Ia menyebut sejumlah tantangan kesehatan global yang perlu mendapat perhatian, mulai dari ancaman penyakit menular, resistensi antimikroba, perubahan iklim, hingga perkembangan teknologi kesehatan yang berlangsung cepat.
Menurut Surya, pemerintah tidak dapat menghadapi berbagai persoalan tersebut secara sendiri. Kolaborasi antarsektor dan antarprofesi diperlukan agar perkembangan ilmu pengetahuan dapat diterjemahkan menjadi kebijakan serta pelayanan kesehatan yang sesuai dengan kebutuhan masyarakat.
“Sinergi dibangun melalui forum ilmiah seperti ini kemudian melahirkan gagasan, inovasi serta rekomendasi untuk menjawab kebutuhan pelayanan kesehatan saat ini atau di masa depan,” kata Surya.

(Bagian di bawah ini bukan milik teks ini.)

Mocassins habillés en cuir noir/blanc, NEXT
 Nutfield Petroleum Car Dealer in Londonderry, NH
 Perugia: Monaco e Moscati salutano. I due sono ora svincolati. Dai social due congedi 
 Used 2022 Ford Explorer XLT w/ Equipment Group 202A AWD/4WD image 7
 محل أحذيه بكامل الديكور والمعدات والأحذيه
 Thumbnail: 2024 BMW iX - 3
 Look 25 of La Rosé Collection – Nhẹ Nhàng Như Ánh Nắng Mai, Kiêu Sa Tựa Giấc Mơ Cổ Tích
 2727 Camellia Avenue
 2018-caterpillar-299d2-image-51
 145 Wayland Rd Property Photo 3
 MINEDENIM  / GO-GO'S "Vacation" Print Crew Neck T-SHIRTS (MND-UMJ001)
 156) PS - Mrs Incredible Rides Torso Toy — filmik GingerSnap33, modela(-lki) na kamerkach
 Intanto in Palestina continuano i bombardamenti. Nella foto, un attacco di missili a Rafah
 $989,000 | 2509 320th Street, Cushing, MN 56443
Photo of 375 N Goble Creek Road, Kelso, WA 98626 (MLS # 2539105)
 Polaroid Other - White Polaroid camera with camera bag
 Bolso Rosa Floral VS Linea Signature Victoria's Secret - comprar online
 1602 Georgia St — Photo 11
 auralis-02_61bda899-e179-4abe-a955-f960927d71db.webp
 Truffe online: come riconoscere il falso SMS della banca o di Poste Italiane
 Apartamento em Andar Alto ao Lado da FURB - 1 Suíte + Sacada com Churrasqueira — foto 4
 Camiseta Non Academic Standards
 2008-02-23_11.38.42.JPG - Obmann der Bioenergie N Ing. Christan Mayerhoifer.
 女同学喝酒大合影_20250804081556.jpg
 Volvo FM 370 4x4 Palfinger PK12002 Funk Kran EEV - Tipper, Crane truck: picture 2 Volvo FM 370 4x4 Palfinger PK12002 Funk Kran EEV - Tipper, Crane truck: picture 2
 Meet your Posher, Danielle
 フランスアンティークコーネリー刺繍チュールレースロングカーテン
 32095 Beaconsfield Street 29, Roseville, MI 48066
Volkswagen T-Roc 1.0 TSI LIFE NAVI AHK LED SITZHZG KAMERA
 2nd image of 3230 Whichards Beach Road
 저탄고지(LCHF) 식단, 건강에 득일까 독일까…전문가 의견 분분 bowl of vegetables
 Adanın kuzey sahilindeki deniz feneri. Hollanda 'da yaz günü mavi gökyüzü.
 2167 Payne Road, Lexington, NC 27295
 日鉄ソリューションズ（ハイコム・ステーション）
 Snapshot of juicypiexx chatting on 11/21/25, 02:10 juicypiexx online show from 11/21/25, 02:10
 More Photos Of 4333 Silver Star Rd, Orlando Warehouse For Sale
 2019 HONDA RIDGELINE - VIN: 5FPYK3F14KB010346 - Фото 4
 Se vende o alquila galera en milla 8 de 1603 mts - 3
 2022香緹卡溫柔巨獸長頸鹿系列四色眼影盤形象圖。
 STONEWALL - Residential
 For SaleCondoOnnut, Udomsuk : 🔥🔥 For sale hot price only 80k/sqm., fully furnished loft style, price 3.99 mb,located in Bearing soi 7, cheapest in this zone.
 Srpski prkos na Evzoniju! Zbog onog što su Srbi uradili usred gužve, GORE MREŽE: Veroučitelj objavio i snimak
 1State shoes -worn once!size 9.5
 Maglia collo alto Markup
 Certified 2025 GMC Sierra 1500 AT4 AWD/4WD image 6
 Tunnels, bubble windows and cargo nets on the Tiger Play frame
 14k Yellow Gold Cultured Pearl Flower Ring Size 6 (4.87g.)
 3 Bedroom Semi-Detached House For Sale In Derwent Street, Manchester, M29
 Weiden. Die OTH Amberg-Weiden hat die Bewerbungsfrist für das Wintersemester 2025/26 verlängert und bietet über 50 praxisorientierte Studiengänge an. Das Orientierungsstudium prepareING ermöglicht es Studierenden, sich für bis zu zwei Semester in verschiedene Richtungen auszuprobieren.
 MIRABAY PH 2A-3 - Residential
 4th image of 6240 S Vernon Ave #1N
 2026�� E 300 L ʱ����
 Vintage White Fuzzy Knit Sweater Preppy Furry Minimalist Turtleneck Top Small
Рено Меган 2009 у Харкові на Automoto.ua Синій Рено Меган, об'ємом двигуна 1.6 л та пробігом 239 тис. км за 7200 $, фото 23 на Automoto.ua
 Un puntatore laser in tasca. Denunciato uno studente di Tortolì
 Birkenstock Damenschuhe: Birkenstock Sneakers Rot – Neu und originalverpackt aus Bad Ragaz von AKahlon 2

Melalui pelaksanaan PIT IAI 2026, Surya berharap para apoteker terus meningkatkan kompetensi, integritas, dan profesionalisme. Ia menilai peningkatan kapasitas tenaga kefarmasian berhubungan erat dengan upaya memberikan pelayanan kesehatan yang aman dan berkualitas.
“Apoteker salah satu garda terdepan untuk mewujudkan layanan kesehatan yang aman, berkualitas, dan berorientasi keselamatan pasien. Karena itu, kompetensi, integritas, dan profesionalisme kalian perlu terus ditingkatkan,” ujarnya.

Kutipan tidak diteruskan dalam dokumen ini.